* WHAT THIS TASK INVOLVES *
Within the entries below, output exactly the lines between the line containing "The package shows" and the line containing "The chip material", inclusive, and omit any picture.

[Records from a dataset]
-------------------------
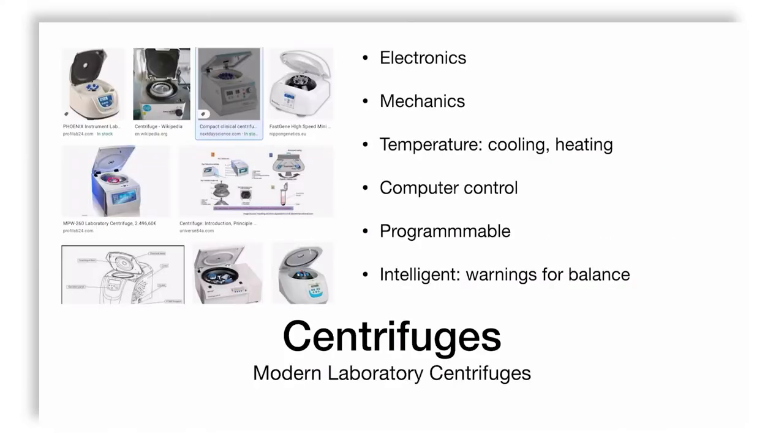Conventional laboratory centrifuges have complex electronics, an electric motor that drives the mechanics — rotors, spindle, ball bearings — with a lot of engineering involved. They are also capable of having thermal components with either cooling or heating or both, because sometimes your sample is thermolabile or thermostable only at a specific temperature. Modern centrifuges are also computer-controlled with programmable interfaces, and may even warn you when things go wrong, like unbalanced tubes.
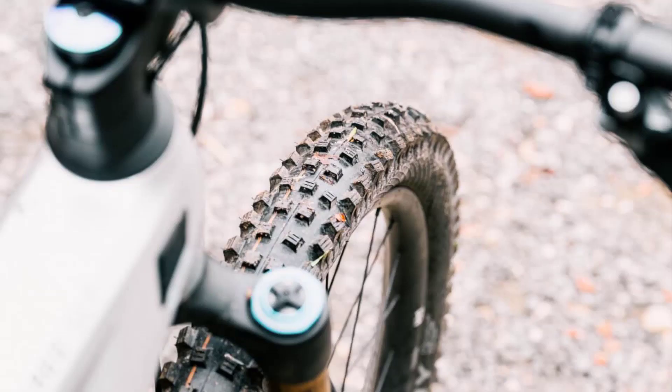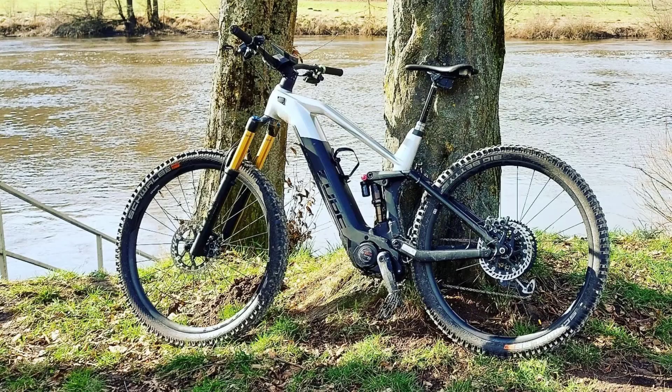Great choice: the Schwalbe tire pairing of a Magic Mary up front and Big Betty out back, both in the SuperTrail casing and Addix Soft compound, perfectly suits the character of the Stereo Hybrid 140 and its area of application.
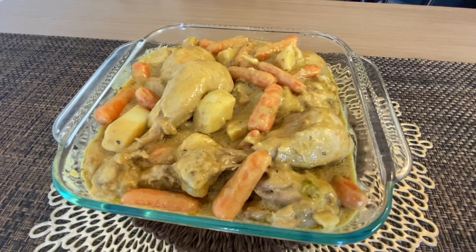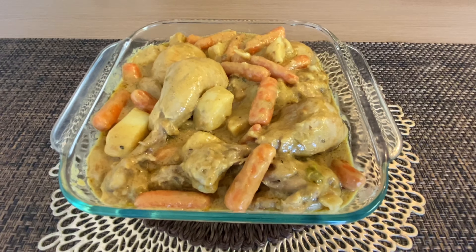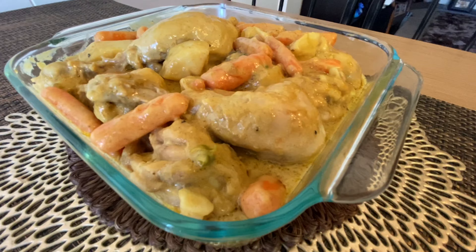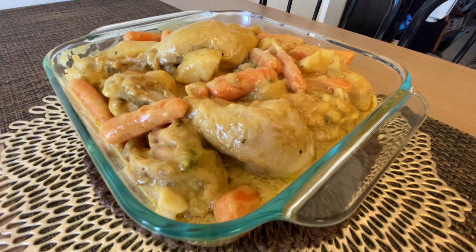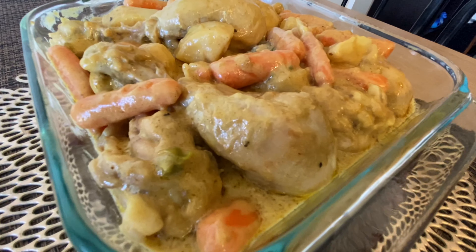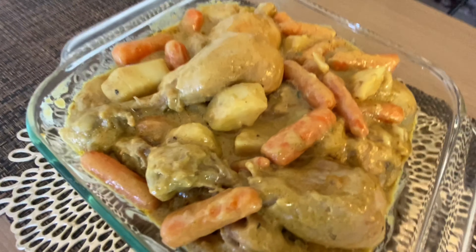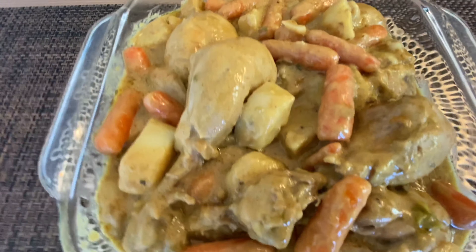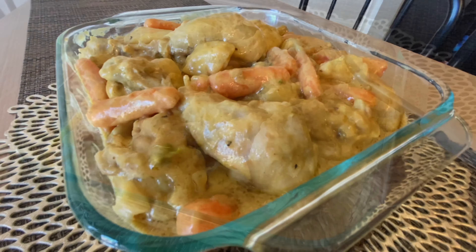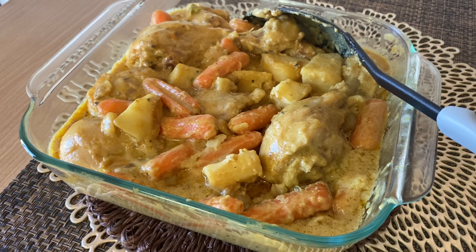Here's our chicken drumstick curry — ready to eat! Yummy, and it smells really good! Guys, I'm sure that once you taste this, you will never forget me. Charot!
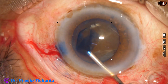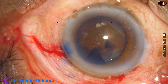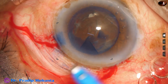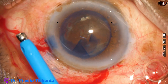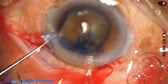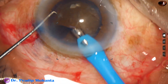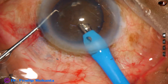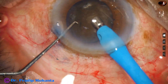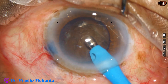Some more visco. And now introducing the phaco needle. The capsule is there. The exposed part of the tip is a little more than in routine cases. We remove the capsule, go down, and remove some cortex. All cortex is part of the nucleus in this case.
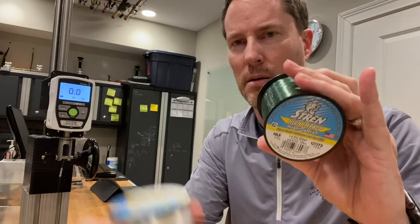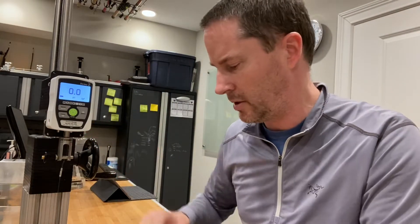Hi everybody, it's Art West and I'm going to do another series of mainline break and strike tests. This time with Stren High Impact in 10, 20, and 30 pound stated line class. I have the 10 pound set up on the digital force gauge, and I have the 20 and 30 pound samples ready to go.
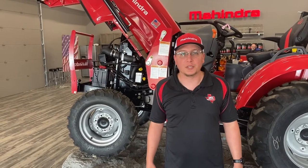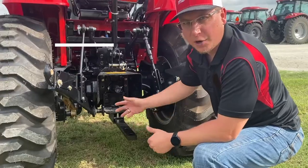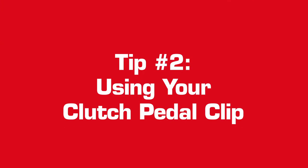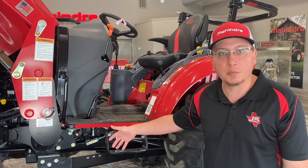Mahindra is here today with more helpful tips to keep your tractor running smooth. When your tractor is not in use, make sure you use the clip on the clutch pedal to hold it in the down position.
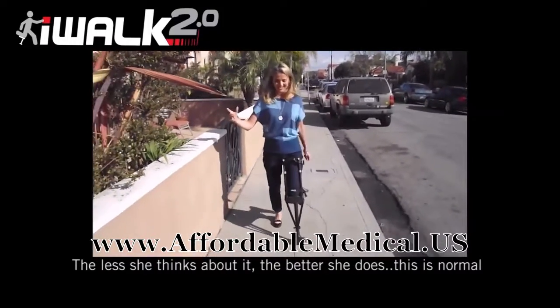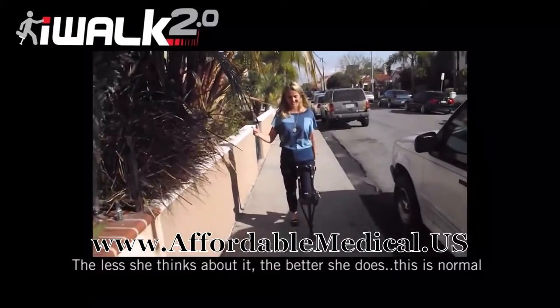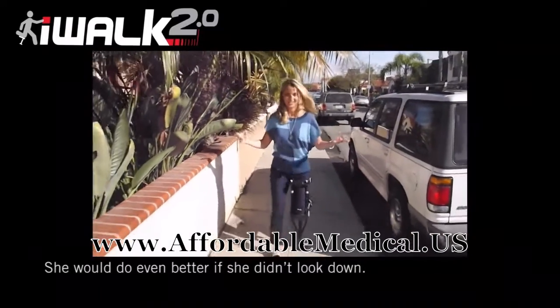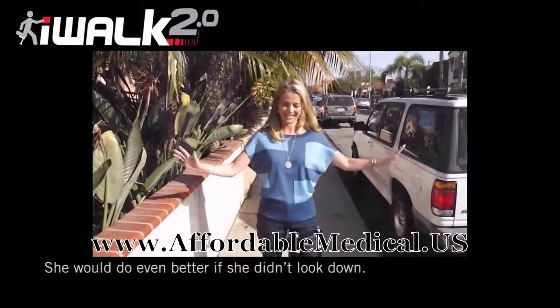My friends at work will be very excited. Coffee! I can see myself standing up at work doing a presentation. No problem. Yay, I'm good.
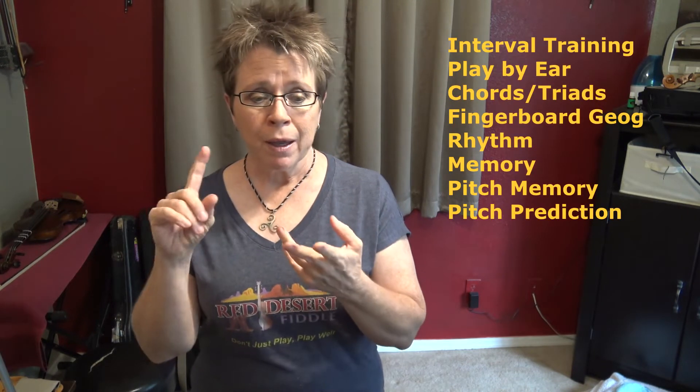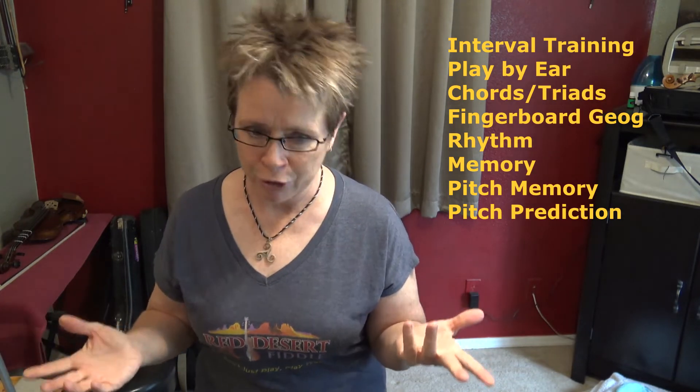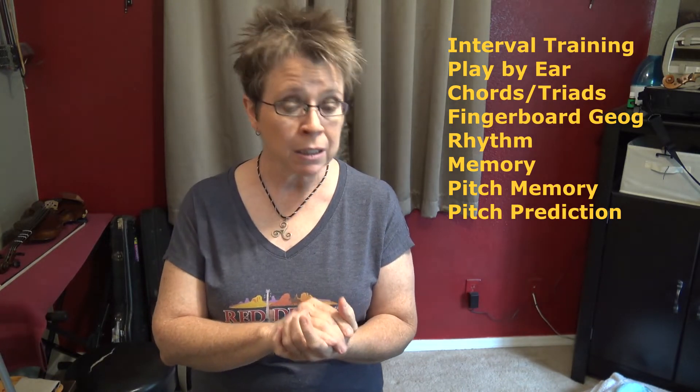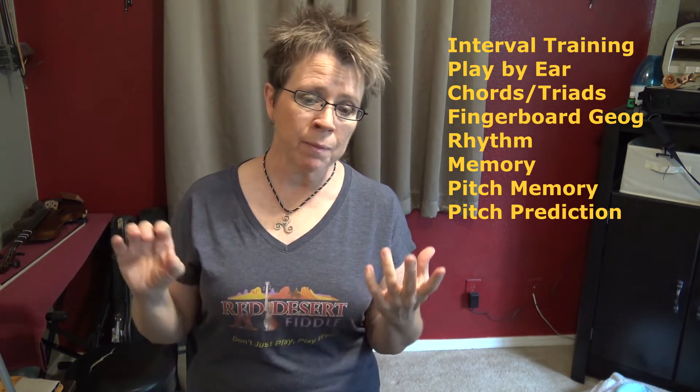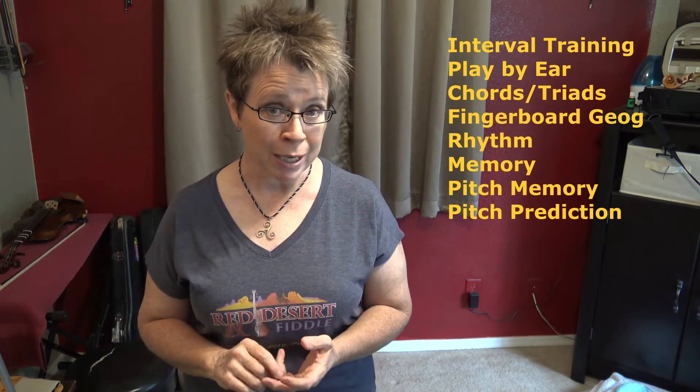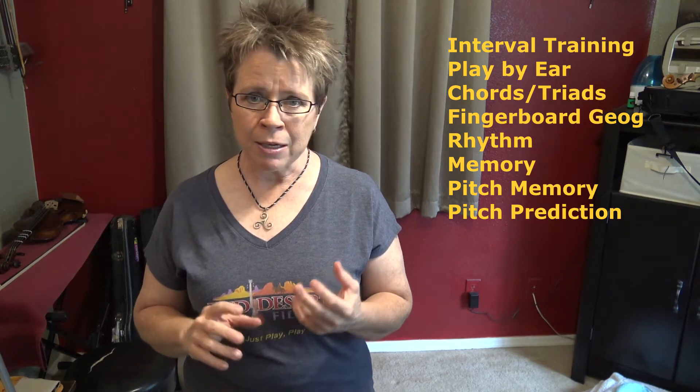In addition to almost 70 videos with ear training drills, I've included some lecture-style lessons that explore many very important aspects of ear training, including interval training — what it is and how to do it — playing by ear, chords and triads, fingerboard geography, rhythm, memory, pitch memory, pitch prediction, otherwise known as sight singing, and much more.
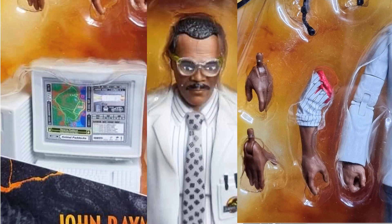The package shows that computer, the severed arm, different hands, and a headset.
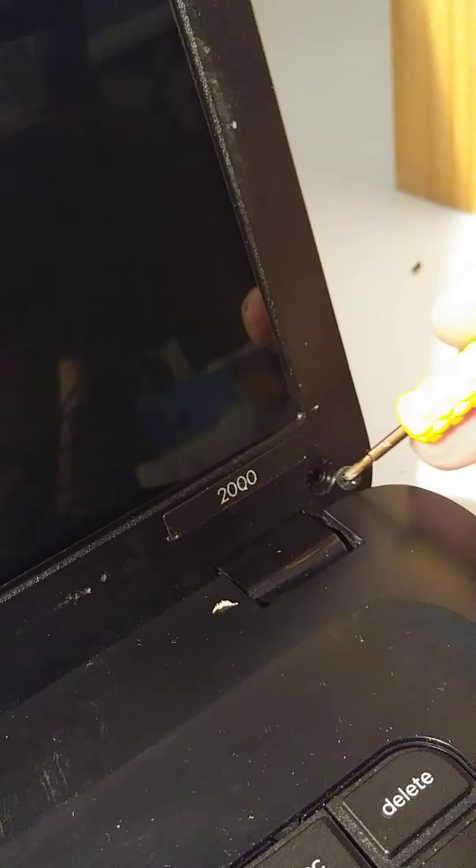Now let's put back the last two screws. Make sure everything is closed nicely. Let's put this one here. Now let's see if this is working — connect the power. Okay guys, it's working!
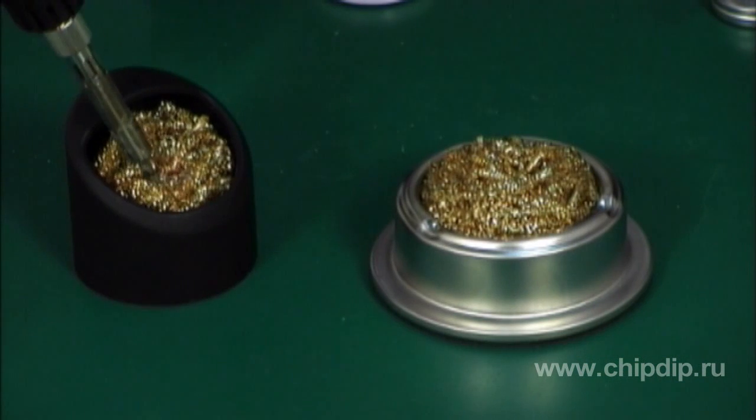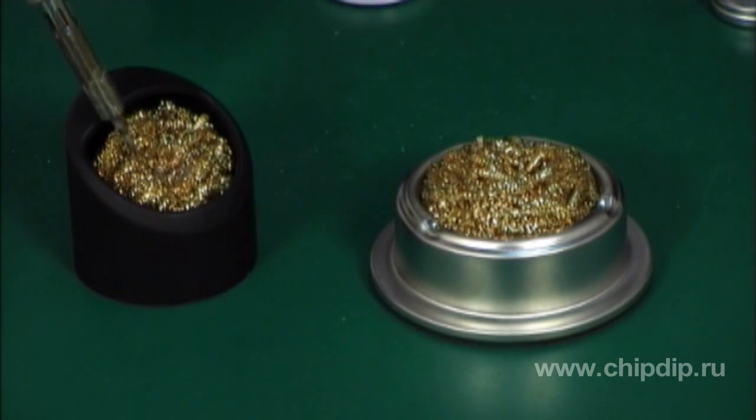The chip material density is lower than that of the soldering bit coating, but higher than that of the oxides on the tool surface. Therefore, for oxide removal it is enough to immerse the soldering bit into the chips.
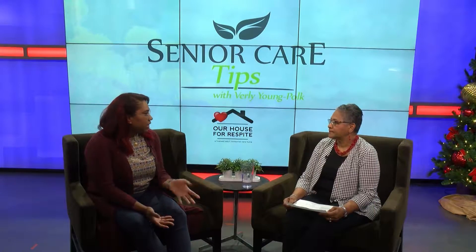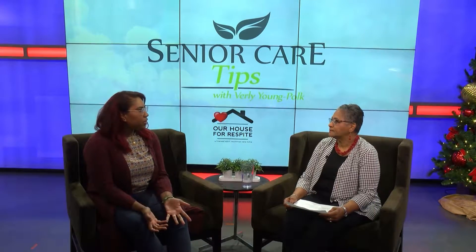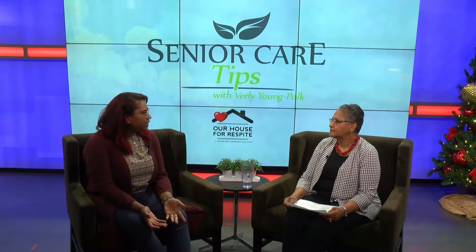Hi, I'm Verley Young-Polk, and we're welcoming questions from our viewing audience. My grandmother has dementia, and I don't want her to be bored at home. What are ways that I can keep her active and stimulated at home?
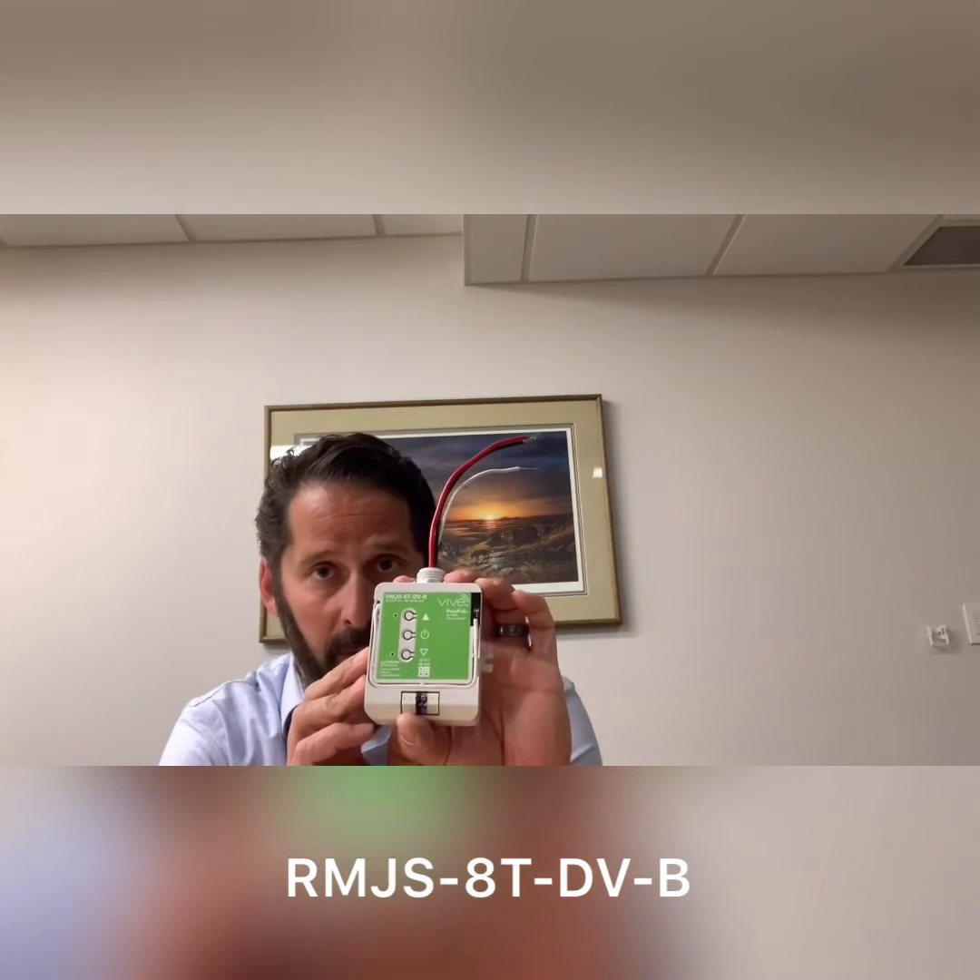One thing to remember is this is capable of controlling one switch leg, and it can listen to and communicate with 10 of these Pico controls, 10 of these occupancy controls, and if you happen to have daylight harvesting, it can also communicate with one daylight sensor.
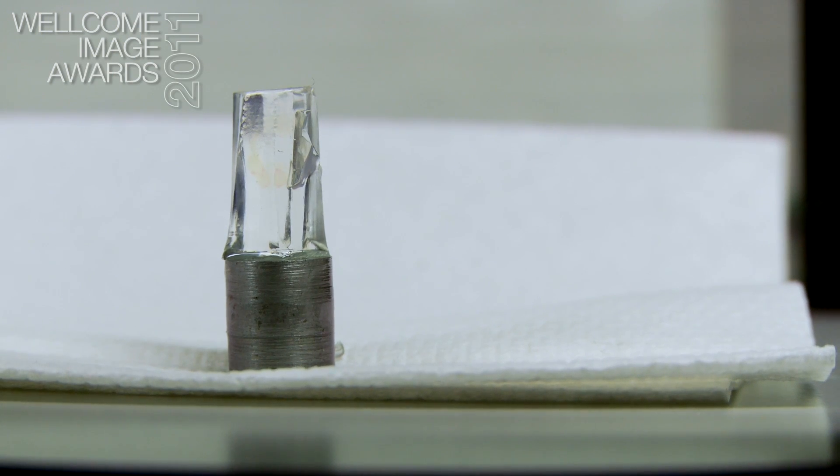When you do staining you do want of course the light to be absorbed rather than going straight through. But in order to pick up the labelled regions, ideally the rest of the embryo almost becomes invisible. This allows you to get very sharp images and sharp reconstructions.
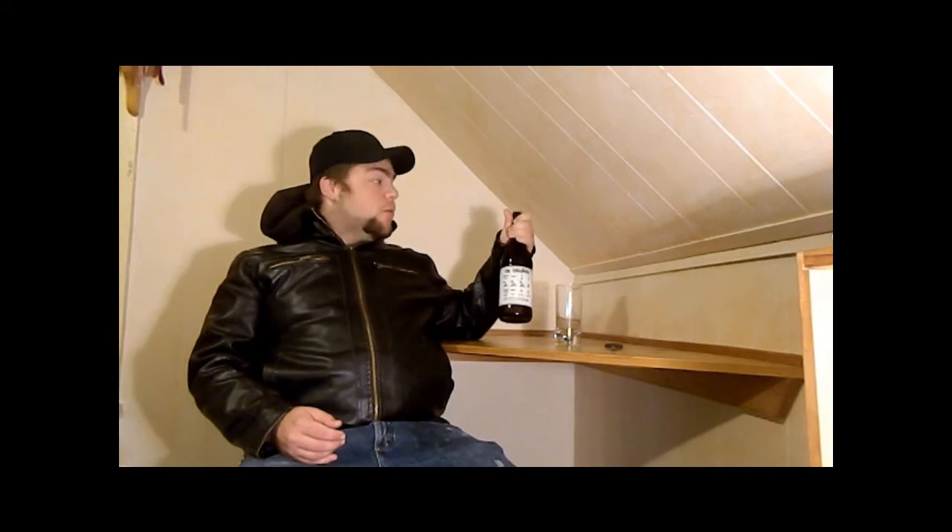Hi there. This is Jackson's Beer Reviews. We're on number three of this beer review session, and tonight we're going to be reviewing Dogfish Head Brewery.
-------------------------
* SOLVED PROBLEM *
The package shows that computer, the severed arm, different hands, and a headset.
Now let's put back the last two screws. Make sure everything is closed nicely. Let's put this one here. Now let's see if this is working — connect the power. Okay guys, it's working!
The chip material density is lower than that of the soldering bit coating, but higher than that of the oxides on the tool surface. Therefore, for oxide removal it is enough to immerse the soldering bit into the chips.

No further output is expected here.